McKay and Wormald conjectured that the number of simple $d$-regular graphs of order $n$ is asymptotically $$\sqrt 2 e^{1/4} (\lambda^\lambda(1-\lambda)^{1-\lambda})^{\binom n2}\binom{n-1}{d}^n,$$ where $\lambda=d/(n-1)$ and $d=d(n)$ is any integer function of $n$ with $1\le d\le n-2$ and $dn$ even.

Bender and Canfield, and independently Wormald, proved this for bounded $d$ in 1978, and Bollobás extended this to $d=O(\sqrt{\log n})$ in 1980.

McKay and Wormald proved the conjecture in 1990-1991 for $\min\{d,n-d\}=o(n^{1/2})$ [1], and $\min\{d,n-d\}>cn/\log n$ for constant $c>2/3$ [2]. These remain the best results.
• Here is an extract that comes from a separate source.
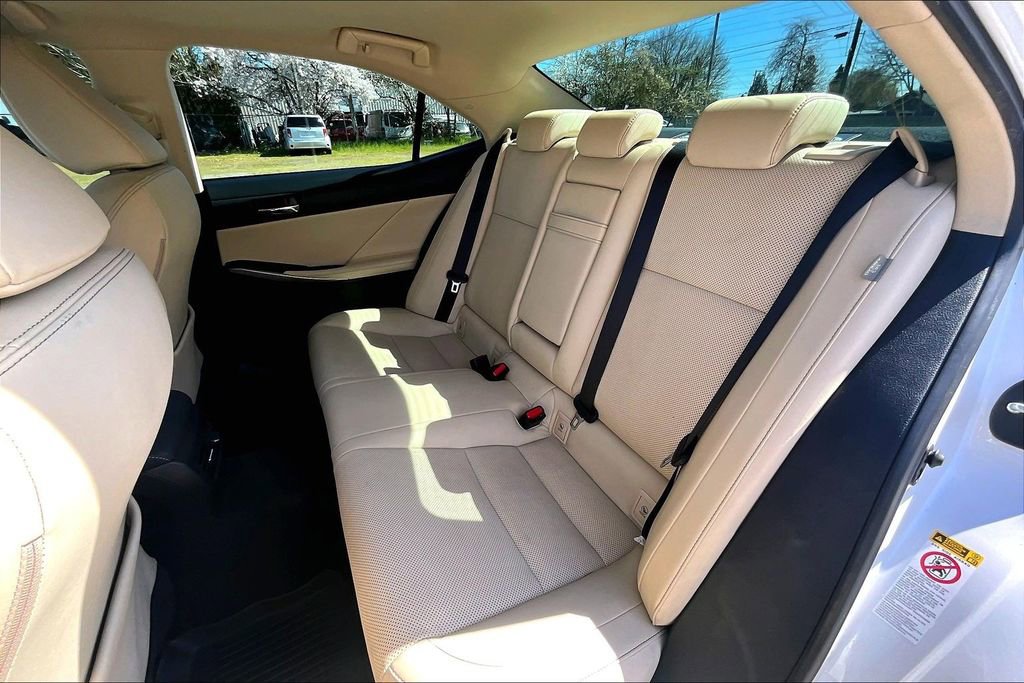 Used 2016 Lexus IS 300 AWD w/ Navigation System Package image 21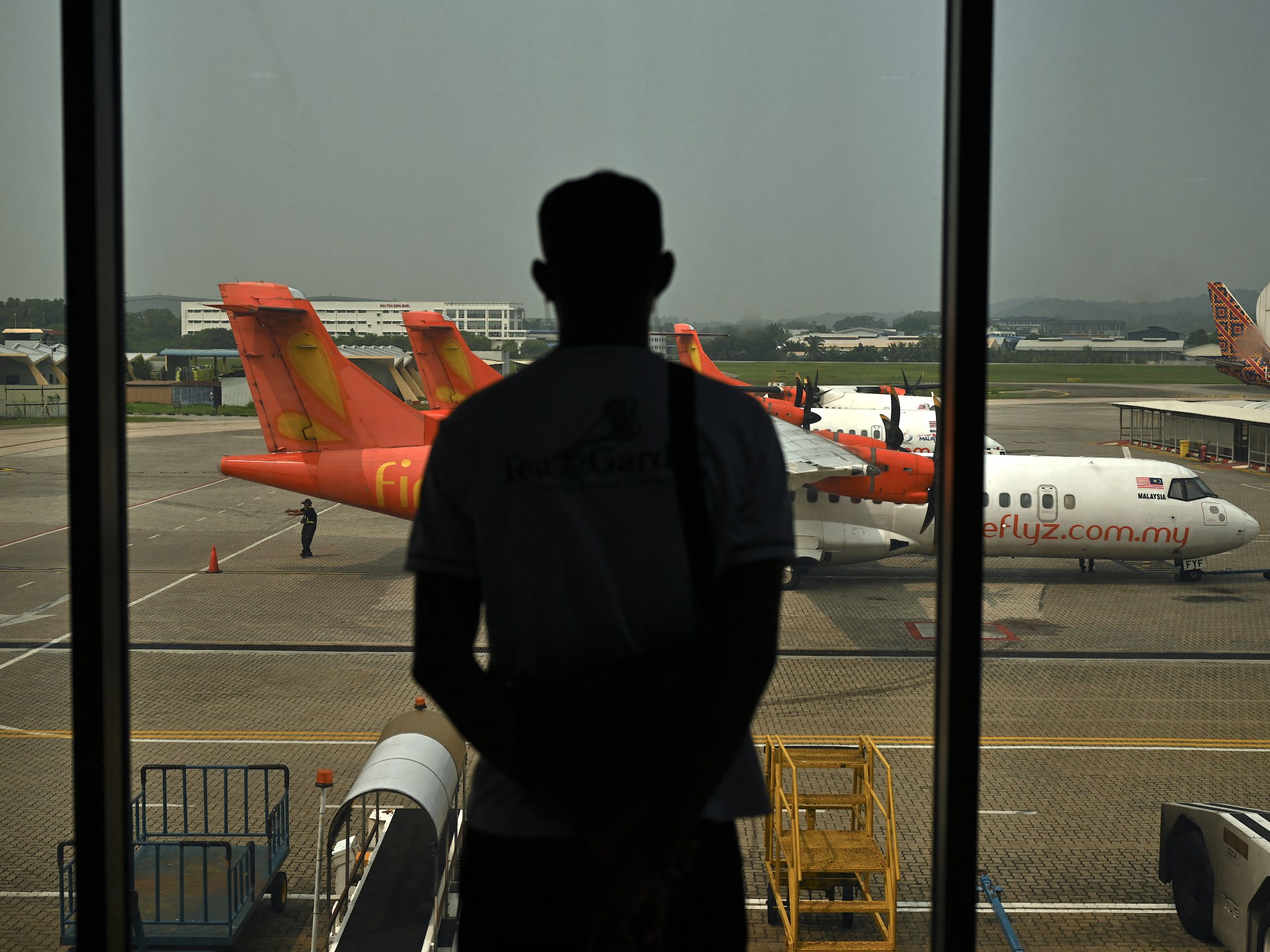 Malaysian airline suspends Singapore flights amid Indonesian haze crisis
The gap between these ranges remains unproved, though the computer says the conjecture is surely true there too. The formula apart from the $\sqrt2e^{1/4}$ has a simple combinatorial interpretation, and the universality of the constant $\sqrt2e^{1/4}$ is an enigma crying out for an explanation.

Incidentally this conjecture is for labelled regular graphs. For isomorphism classes, divide by $n!$ for $3\le d\le n-4$, since in that range almost all regular graphs have trivial automorphism groups (references on request). For $d=0,1,2,n-3,n-2,n-1$, this isn't true.

[1] Combinatorica, 11 (1991) 369-382.

[2] European J. Combin., 11 (1990) 565-580.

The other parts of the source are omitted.